#### [Task requirements]
Please give back word for word the lines of the material below between the line containing "Beautyviny2 live cam on BongaCams" and the line containing "1st image of 904 W Lincoln Pl APT 4", inclusive.

#### [Entries supplied]
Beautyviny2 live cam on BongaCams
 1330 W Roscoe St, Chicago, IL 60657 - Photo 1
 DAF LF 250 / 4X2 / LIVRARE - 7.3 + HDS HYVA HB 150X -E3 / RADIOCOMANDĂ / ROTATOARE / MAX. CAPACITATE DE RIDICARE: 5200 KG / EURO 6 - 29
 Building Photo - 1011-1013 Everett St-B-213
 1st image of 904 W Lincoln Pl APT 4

==

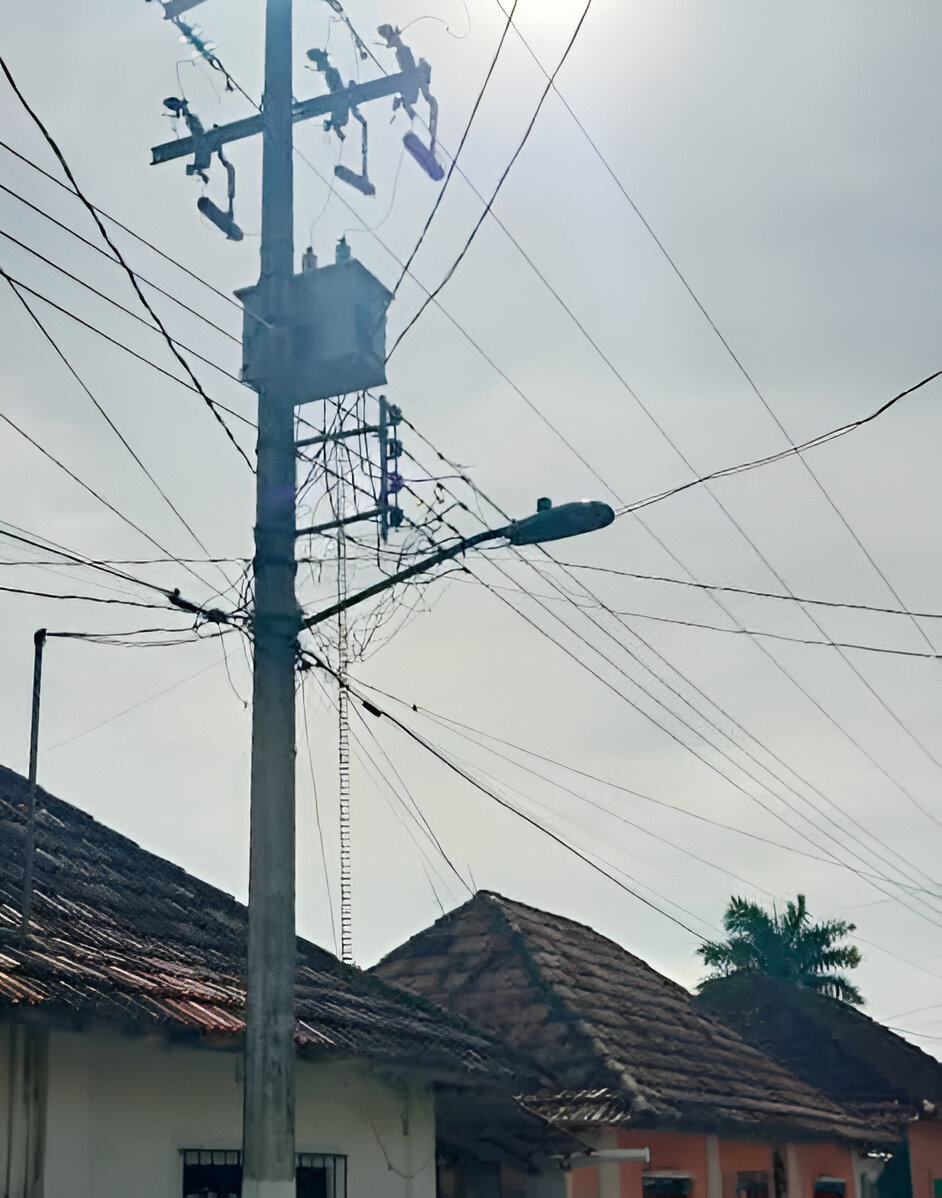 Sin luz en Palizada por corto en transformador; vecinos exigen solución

#### [Written solution]
Beautyviny2 live cam on BongaCams
 1330 W Roscoe St, Chicago, IL 60657 - Photo 1
 DAF LF 250 / 4X2 / LIVRARE - 7.3 + HDS HYVA HB 150X -E3 / RADIOCOMANDĂ / ROTATOARE / MAX. CAPACITATE DE RIDICARE: 5200 KG / EURO 6 - 29
 Building Photo - 1011-1013 Everett St-B-213
 1st image of 904 W Lincoln Pl APT 4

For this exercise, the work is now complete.